2 Air Transat pilots charged with being impaired before Glasgow to Toronto flight
Airline says both pilots have been suspended until investigation ends
Two Air Transat pilots have been suspended after being charged with being impaired prior to flying from Glasgow to Toronto Monday, the airline said Tuesday.
The drama began shortly before Flight TS725, with about 250 passengers, was to depart.
Members of the plane's flight crew noticed something wrong with the pilots and notified authorities.
After the flight landed Tuesday afternoon, the airline said the pilots had been suspended pending the outcome of the investigation.
"Canadian and European rules and regulations regarding alcohol consumption are very strict; our internal rules are even more stringent," Air Transat spokesman Pierre Tessier told CBC News in an email. "Any departure from these regulations is not tolerated by Air Transat.
Justin Ryan and his partner, Colin McAllister, who together form the TV design duo known as Colin & Justin, were among hundreds of passengers delayed because of the cancelled flight.
"People were frustrated but they were also very practical," Ryan said.
McAllister said he felt the one-day delay wasn't the worst outcome.
"We're a day behind, but it's better than crashing over the Atlantic," he said. "At least they were on the ball enough to stop [the pilots] from flying the plane."
McAllister, who travels to Glasgow with Ryan about twice a month, said the delay was an inconvenience, but added the airline did its best under the circumstances.
"It sounds like two people made a mistake and the airline actually did the right thing," he told CBC. "They made sure we weren't flying with these people and tried to take away as much of the hassle as possible."
The captain and first officer were arrested and made a brief court appearance Tuesday, according to Police Scotland.
Court documents identify the pilots as:
- Capt. Jean-François Perreault, 39, of Ontario.
- First officer Imran Zafar Syed, 37, of Toronto.
The Scottish Sun newspaper reported that the Crown opposed bail for the pilots. According to the paper, the local sheriff remanded them both into custody.
Early Tuesday morning, Air Transat, a Montreal-based airline that operates both scheduled and charter flights, tweeted it would not comment until an investigation is completed.
TS725 Safety of our crews & passengers is our top priority. We await results of judicial proceedings before commenting on the matter. /NB—@airtransat
As the plane's pilots were being taken into custody Monday, the passengers waited in the airport's departure lounge for about four hours before the flight was officially cancelled. Passengers were put up in a hotel, given a $200 travel voucher for their trouble and rebooked for Tuesday's flight.
'I was shocked'
Some complained they weren't told the reason for the delay by Air Transat staff. It wasn't until the story was picked up in the media that they learned why the flight had been cancelled.
"I was shocked," passenger Fahra Murad told CBC on Tuesday. "I had no idea this was the cause.
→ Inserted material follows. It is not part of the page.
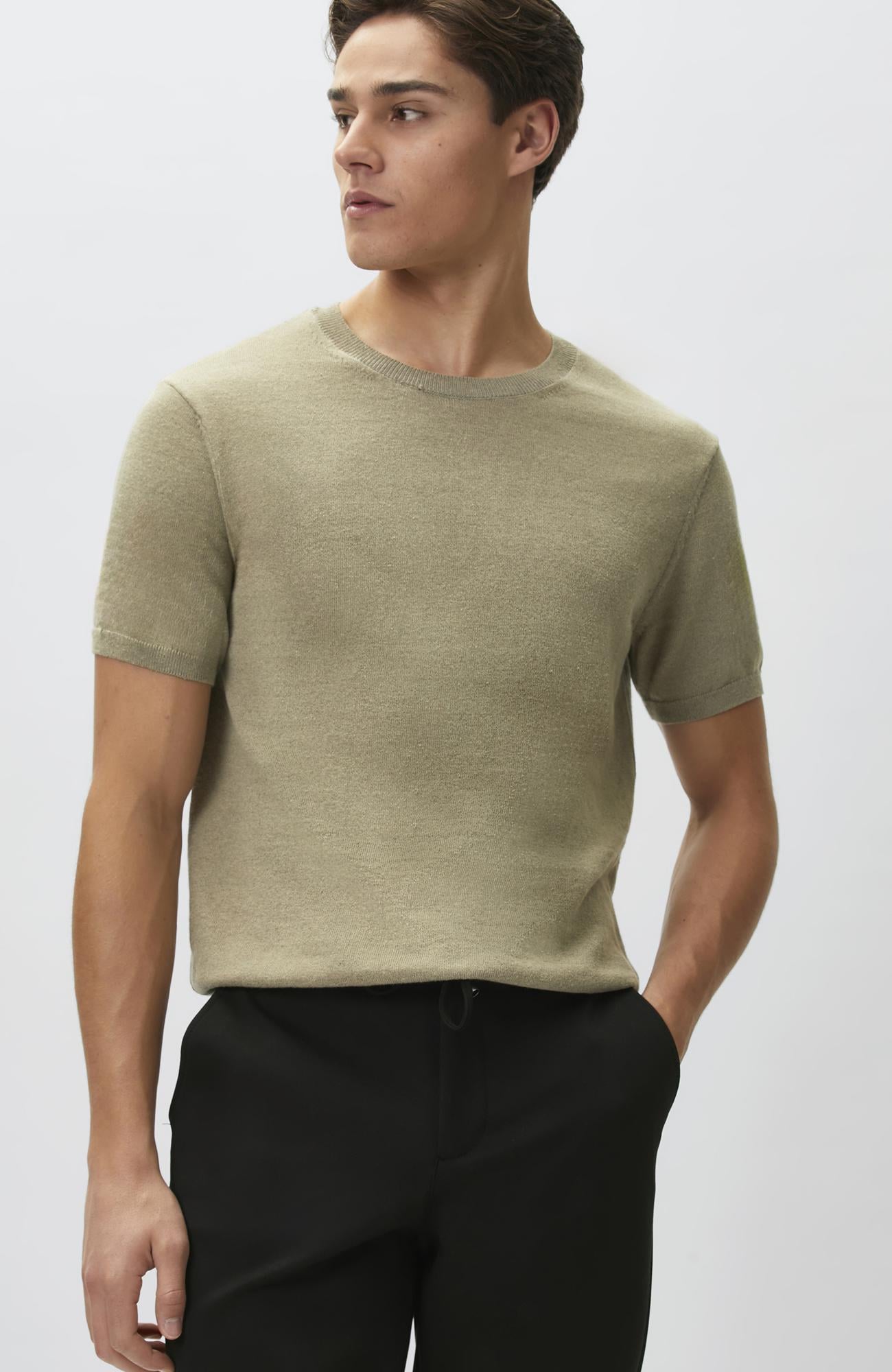 Network Erkek Slim Fit Açık Haki Keten Karışımlı Kazak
We were told it was operational. They should have kept us informed."
"Is that what it was?" Woodgett asked. "That's disgusting! I hope they throw them in jail and throw away the key. There's no words to describe what could have happened."
Woodgett, whose father suffers from Alzheimer's, said an Air Transat spokesman told her the passengers "had gone to local hotels but didn't know where. I called them about an hour-and-a-half later and they were able to tell me some names of the hotels."
After calling several hotels in Glasgow, Woodgett eventually tracked down her father.